Это цитата из романа «Дорога на Итаку» (2014), одного из тринадцати опубликованных на данный момент в серии о Мартине Бора за авторством Бена Пастора (псевдоним итальянской писательницы Марии Вербены Вольпи). Эти слова произносит сын семьи, работающей в родовом поместье Бора (Freiherr означает «барон»); и сам он – «настоящий» нацист, то есть грубый пролетарий, движимый классовым ресентиментом. Оба служат в армии, но между ними стоит вся дистанция между унтер-офицером и офицером, что может напомнить нам замечание Готфрида Бенна о том, что во времена нацизма армейская служба была единственной элегантной формой «внутренней эмиграции». Так что еще долго после войны аристократический вермахт цеплялся за эгоистичный миф о том, что преступления и эксцессы СС не имеют никакого отношения ни к ним, ни к их миссии. Оправдание самого Бора также звучит знакомо:

Моя агрессивность <…> – это реакция. Реакция на зло, причиненное нашему отечеству после Первой мировой войны, на те нации, которые душат наше жизненное пространство, и на требования, чтобы мы продолжали оправдываться перед миром за то, что мы немцы.
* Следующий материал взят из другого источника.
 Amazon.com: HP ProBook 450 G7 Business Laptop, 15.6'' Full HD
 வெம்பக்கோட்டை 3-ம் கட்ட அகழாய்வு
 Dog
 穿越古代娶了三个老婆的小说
Он не упоминает свою самую впечатляющую добродетель: верность. (После 1934 года армейская присяга конституции была переписана: Бора, таким образом, связан клятвой верности своему фюреру.)
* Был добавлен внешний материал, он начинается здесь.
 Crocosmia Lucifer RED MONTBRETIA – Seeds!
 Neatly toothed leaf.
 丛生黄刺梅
В конечном счете, однако, нам некомфортно с этим протагонистом, хотя он не антисемит, – причина в чем-то другом. Бора не просто профессиональный солдат, он любит войну:

Со времен Испании у меня было семь лет великих сражений. Слава, сама чертова идея <…> Испания, Польша, Россия – я везде побывал добровольцем. Быть на войне так же весело, как быть влюбленным, когда есть желание.

И, возможно, даже более инкриминирующий пассаж:

Я жажду быть первым, кто увидит Волгу. Она снится мне после наступления темноты, широкая, как озеро, артерия в великом теле России. Тем не менее, даже у ворот Сталинграда и его реки, в 3200 километрах от Берлина, мы, немцы, стоим всего лишь на юго-западном клочке бескрайней евро-азиатской равнины. Полезно помнить, что все мы изначально родом отсюда. Мы принадлежим этому месту больше, чем мы осознаем, гораздо больше, чем враг хочет признать.

Однако, прежде чем мы продолжим разбираться с Schuldfrage [вопросом вины. – Прим. пер.], следует отметить, что эти романы – не только детективы, но и исторические романы; а это предполагает, что Бора придется играть две различные жанровые роли, быть двумя разными нарративными агентами одновременно. Детектив раскрывает преступления; главный герой исторического романа, напротив, пассивно воспринимает и наблюдает Историю. Сыщик, действующий в напряженных условиях военного времени, которому начальство поручает раскрыть правду о той или иной потенциально скандальной тайне, также должен занять позицию, которую Дьёрдь Лукач в своей классической работе об историческом романе назвал средним или «посредственным» (mittelmässig) героем, Уэверли или Фабрисом, который наблюдает за великими историческими коллизиями со стороны. Лукач рекомендует писателю, работающему над историческим романом, никогда не позволять неизбежным «всемирно-историческим личностям» истории занимать центральное место в романе (хотя в исторической драме они обязательно должны делать именно это). Действительно, карикатурный Наполеон Толстого был не самым удачным его литературным решением. Бора, хотя он и едва ли посредственный герой, никогда не взаимодействует со всемирно-историческими фигурами напрямую – например, никогда не видит Муссолини во плоти в Сало, – а лишь опосредованно отмечает его присутствие:

Он также читал ожидаемые, но тревожные подробности о глубокой антипатии среди фашистских лидеров и корпусов, об антагонизме Дензо к ГСЧ и наоборот, о вспышках гнева маршала Грациани и обиженном молчании Муссолини почти со всеми.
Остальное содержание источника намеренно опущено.